*** Data for processing ***

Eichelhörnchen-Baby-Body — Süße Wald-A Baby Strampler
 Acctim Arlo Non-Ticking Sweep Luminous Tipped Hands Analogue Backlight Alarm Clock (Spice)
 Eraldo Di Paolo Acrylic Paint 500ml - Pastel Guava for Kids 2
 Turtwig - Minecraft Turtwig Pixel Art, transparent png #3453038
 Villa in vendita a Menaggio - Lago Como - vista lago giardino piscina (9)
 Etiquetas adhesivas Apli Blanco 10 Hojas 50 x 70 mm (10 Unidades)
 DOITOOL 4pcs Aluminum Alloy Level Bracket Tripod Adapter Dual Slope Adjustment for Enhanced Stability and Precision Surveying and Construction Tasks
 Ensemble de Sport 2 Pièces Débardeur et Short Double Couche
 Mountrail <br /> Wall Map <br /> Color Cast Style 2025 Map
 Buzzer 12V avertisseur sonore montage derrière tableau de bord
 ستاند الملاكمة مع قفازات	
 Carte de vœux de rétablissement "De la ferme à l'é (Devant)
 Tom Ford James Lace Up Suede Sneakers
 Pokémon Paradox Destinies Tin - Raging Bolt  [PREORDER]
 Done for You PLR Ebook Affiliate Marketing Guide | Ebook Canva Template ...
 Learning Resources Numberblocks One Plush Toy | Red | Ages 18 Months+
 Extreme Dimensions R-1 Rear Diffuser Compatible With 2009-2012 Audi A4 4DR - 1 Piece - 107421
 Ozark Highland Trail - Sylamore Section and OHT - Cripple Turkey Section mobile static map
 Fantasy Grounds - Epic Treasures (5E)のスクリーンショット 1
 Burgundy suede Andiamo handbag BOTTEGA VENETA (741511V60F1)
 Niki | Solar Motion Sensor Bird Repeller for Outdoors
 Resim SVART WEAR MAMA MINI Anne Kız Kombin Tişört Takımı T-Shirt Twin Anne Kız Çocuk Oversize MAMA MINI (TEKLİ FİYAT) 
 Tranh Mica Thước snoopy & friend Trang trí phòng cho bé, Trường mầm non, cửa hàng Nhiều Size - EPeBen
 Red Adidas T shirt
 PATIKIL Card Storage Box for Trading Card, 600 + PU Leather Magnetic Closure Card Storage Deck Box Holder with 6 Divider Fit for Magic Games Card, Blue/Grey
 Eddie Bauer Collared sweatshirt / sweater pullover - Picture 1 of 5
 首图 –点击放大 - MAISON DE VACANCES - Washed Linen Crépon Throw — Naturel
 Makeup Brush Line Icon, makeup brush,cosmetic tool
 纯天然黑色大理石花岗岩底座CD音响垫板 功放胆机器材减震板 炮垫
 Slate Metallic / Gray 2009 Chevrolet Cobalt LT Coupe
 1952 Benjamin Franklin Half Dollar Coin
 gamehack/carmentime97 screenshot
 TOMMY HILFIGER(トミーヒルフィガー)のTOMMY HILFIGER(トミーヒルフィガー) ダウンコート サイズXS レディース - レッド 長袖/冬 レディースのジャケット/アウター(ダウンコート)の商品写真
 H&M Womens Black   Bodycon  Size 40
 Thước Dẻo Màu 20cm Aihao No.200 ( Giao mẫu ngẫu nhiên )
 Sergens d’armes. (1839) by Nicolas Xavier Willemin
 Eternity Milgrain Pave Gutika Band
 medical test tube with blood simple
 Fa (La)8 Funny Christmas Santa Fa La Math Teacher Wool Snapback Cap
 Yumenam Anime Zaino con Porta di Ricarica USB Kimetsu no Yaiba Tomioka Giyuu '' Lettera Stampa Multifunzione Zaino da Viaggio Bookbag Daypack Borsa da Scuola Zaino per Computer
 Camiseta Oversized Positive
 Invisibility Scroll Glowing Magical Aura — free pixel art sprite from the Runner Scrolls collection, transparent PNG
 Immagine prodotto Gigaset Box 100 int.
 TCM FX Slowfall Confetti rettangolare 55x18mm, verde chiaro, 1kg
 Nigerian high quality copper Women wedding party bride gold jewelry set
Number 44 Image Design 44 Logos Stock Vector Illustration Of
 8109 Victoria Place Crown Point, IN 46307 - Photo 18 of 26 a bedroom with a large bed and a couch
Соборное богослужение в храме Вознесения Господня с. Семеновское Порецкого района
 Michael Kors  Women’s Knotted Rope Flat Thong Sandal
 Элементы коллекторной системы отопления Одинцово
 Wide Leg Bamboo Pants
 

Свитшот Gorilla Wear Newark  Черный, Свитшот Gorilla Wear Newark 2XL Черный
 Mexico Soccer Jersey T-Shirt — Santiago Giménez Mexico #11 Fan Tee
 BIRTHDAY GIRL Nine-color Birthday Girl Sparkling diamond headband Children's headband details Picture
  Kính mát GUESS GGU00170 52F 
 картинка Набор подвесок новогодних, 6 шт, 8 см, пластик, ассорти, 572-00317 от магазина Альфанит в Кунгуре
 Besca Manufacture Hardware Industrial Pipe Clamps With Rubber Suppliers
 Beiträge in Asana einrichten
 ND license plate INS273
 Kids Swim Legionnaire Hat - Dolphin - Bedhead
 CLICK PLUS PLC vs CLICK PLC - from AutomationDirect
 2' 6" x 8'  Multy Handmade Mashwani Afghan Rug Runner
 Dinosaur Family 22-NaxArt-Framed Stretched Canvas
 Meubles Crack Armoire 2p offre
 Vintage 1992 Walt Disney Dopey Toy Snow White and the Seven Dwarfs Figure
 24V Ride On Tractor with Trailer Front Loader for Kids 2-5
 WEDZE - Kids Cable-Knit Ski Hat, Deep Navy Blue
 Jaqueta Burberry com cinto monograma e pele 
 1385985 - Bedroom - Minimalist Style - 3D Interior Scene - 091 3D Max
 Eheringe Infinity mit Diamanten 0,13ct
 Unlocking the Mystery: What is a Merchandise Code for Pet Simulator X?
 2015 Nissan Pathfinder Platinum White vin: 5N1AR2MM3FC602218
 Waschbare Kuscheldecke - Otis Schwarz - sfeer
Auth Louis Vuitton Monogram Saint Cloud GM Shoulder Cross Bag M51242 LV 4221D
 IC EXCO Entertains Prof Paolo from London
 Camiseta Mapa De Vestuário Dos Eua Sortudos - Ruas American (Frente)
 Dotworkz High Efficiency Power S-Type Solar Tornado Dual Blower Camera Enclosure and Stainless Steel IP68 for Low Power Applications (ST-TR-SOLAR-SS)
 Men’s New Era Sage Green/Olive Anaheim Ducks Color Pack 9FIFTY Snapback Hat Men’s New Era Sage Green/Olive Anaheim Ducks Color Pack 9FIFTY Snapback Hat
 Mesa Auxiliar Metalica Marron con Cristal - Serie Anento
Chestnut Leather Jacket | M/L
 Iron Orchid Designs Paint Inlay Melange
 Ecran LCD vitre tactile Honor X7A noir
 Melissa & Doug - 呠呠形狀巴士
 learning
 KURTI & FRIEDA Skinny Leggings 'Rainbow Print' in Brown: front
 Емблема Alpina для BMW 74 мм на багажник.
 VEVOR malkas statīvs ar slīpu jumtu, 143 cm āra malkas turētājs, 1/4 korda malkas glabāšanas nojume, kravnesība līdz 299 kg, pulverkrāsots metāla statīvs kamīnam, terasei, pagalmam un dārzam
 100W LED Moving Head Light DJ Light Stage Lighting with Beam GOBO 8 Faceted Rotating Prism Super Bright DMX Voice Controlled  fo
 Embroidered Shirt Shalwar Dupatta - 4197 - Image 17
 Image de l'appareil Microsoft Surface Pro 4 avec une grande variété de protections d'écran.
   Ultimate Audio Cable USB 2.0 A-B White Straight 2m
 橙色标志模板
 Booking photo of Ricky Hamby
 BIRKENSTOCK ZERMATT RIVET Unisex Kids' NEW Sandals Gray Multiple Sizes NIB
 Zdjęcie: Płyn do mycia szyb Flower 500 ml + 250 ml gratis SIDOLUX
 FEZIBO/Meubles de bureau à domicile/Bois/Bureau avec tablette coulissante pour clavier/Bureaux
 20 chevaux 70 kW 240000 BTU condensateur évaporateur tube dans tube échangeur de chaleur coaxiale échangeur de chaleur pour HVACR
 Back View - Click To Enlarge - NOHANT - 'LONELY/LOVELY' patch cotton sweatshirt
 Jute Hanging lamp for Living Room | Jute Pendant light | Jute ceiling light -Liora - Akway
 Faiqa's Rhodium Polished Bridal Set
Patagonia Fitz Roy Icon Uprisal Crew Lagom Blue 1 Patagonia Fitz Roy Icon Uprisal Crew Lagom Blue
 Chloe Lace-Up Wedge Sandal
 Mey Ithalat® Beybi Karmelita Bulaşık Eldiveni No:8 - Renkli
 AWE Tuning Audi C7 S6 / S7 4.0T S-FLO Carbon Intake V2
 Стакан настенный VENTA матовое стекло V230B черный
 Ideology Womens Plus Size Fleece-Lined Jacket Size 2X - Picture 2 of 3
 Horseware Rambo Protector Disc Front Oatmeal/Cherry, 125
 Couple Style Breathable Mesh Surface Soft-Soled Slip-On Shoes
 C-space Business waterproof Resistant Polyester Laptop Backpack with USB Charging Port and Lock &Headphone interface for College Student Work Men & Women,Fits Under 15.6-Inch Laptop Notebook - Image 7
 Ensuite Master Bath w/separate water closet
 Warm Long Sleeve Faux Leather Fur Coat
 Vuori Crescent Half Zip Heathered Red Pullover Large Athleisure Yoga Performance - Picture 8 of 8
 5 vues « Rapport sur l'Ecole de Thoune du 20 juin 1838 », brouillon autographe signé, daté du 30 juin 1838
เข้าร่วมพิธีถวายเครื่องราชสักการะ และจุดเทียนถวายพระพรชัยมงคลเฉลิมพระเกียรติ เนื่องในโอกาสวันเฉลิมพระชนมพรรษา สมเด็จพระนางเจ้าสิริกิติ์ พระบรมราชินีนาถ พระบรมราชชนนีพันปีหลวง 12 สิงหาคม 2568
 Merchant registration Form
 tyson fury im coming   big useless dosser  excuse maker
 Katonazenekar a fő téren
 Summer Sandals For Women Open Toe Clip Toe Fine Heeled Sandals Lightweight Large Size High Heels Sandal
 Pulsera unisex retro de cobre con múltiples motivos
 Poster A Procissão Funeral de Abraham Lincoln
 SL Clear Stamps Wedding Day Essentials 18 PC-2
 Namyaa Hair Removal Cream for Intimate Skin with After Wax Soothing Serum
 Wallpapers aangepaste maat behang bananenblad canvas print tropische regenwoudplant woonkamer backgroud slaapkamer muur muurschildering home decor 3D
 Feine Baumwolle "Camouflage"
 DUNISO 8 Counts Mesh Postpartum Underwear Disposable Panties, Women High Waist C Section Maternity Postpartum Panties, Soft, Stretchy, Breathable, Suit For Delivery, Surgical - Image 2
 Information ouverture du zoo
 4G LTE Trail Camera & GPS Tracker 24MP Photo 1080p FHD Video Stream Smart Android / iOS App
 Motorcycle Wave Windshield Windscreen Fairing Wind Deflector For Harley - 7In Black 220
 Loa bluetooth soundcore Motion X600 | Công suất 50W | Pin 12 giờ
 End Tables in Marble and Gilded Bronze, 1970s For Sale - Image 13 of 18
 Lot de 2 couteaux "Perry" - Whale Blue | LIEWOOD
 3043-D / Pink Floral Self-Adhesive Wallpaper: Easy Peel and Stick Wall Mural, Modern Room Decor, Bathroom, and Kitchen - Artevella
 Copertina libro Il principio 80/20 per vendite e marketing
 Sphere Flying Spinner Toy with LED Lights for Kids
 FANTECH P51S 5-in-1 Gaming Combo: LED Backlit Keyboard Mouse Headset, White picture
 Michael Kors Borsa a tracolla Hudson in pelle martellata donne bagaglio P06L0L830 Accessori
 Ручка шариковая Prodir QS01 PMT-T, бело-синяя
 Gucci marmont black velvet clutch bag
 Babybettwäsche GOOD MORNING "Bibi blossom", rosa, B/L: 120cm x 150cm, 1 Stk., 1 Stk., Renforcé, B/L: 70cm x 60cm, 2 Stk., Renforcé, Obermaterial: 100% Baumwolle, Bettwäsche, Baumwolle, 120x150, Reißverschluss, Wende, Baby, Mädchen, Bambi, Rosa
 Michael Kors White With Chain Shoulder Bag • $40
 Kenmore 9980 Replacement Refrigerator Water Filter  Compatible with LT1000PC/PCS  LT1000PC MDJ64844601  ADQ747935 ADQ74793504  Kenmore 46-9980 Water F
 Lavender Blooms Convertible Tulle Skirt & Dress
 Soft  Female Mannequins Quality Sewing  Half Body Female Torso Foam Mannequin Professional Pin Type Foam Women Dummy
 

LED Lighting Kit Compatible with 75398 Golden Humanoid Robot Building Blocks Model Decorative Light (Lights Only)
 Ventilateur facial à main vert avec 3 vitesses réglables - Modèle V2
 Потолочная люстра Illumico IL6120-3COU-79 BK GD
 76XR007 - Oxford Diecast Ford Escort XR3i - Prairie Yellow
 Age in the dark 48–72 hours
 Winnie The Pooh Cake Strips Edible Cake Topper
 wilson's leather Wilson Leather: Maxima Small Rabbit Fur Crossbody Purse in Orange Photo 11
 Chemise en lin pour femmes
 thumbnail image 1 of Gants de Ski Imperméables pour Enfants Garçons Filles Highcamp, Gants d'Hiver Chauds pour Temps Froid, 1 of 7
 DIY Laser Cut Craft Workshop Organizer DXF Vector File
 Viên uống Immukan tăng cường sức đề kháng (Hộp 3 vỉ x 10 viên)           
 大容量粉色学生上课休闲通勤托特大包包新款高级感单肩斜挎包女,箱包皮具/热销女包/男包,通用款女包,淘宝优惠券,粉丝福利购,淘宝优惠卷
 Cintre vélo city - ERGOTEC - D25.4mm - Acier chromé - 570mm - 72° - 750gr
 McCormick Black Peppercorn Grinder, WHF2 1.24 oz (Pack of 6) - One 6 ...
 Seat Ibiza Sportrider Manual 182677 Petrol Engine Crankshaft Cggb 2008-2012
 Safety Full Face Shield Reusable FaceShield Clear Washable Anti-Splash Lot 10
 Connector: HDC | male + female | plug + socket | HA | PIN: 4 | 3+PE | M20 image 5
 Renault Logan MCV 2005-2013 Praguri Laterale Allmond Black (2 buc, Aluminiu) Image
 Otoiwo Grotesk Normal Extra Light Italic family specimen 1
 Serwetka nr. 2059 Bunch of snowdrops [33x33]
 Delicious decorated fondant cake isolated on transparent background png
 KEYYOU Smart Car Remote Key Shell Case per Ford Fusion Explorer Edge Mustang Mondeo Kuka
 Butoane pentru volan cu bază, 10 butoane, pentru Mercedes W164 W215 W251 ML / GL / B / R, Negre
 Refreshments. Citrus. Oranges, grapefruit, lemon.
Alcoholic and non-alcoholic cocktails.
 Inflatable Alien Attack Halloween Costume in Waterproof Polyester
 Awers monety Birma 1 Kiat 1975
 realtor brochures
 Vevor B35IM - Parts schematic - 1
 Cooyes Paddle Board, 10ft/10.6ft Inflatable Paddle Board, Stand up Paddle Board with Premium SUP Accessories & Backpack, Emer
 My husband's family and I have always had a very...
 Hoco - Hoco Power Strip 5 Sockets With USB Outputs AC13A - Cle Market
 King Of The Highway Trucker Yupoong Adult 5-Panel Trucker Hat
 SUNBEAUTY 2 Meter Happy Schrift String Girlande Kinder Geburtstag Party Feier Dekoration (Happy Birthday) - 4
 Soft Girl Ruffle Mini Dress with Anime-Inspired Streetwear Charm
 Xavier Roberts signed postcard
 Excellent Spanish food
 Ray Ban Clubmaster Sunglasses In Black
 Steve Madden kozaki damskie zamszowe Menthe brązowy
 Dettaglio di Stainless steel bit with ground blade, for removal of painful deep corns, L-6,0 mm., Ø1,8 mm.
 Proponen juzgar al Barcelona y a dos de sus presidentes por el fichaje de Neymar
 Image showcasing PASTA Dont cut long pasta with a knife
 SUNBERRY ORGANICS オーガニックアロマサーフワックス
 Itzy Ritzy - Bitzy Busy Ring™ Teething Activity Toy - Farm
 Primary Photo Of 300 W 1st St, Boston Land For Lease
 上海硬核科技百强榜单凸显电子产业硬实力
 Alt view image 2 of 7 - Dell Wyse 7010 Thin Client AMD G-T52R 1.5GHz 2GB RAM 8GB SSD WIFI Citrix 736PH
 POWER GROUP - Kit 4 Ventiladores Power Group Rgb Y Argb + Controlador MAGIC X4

*** End of Data for processing ***

## Task brief:
Which lines of the material above hold the string "Stainless"? Pull them out.

## Response to this exercise:
 Dotworkz High Efficiency Power S-Type Solar Tornado Dual Blower Camera Enclosure and Stainless Steel IP68 for Low Power Applications (ST-TR-SOLAR-SS)
 Dettaglio di Stainless steel bit with ground blade, for removal of painful deep corns, L-6,0 mm., Ø1,8 mm.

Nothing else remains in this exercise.